Run F: 8k context. TTFT grows linearly with concurrency, aggregate decode keeps scaling to almost 100 tok/s.

Three observations.

Prefill throughput sits at a flat 5.5k tok/s, regardless of whether it is 5, 10 or 20 users. At 8k context the machine is already saturated at the prefill level. Aggregate decode keeps scaling: in Run B (25k) this plateaued at ~30 t/s, here it runs up to 97.4 t/s. And most importantly: TTFT at 8k context is roughly a quarter of what it is at 25k. Same concurrency, same machine, different prompt size.

Run E: multi-turn as realistic office work

--depth 4 means: five turns in a row per request (initial + four follow-ups). Concurrency at 10 means: ten such conversations in parallel.

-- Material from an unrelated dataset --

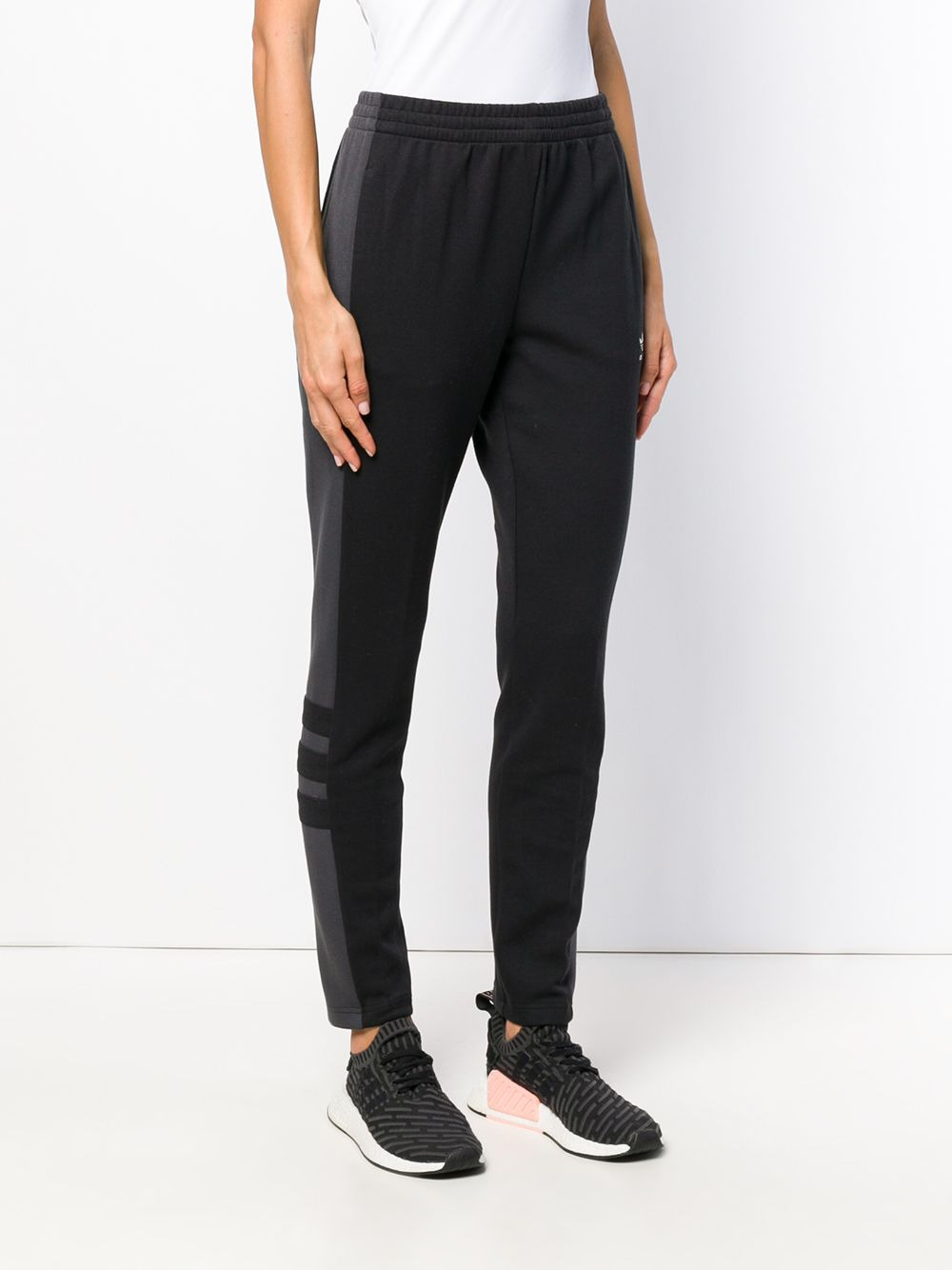 logo track pants - 3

UsersPrefill totalDecode/userDecode totalTTFT
14716.21 ± 542.88 tok/s23.97 ± 0.10 tok/s23.97 ± 0.10 tok/s0.53 ± 0.06s
55693.39 ± 128.08 tok/s13.07 ± 0.16 tok/s59.48 ± 2.26 tok/s1.32 ± 0.39s
106096.81 ± 56.92 tok/s10.43 ± 0.35 tok/s92.42 ± 3.33 tok/s2.13 ± 0.83s
Run E: multi-turn. Per-user 24.0/13.1/10.4 tok/s, aggregate 24.0/59.5/92.4 tok/s, highest aggregate of all closed-loop runs.
Run E: multi-turn (depth = 4) at 2k starting context. Aggregate of 92 tok/s is the highest number across all six closed-loop runs.

Three things stood out that I had not expected up front.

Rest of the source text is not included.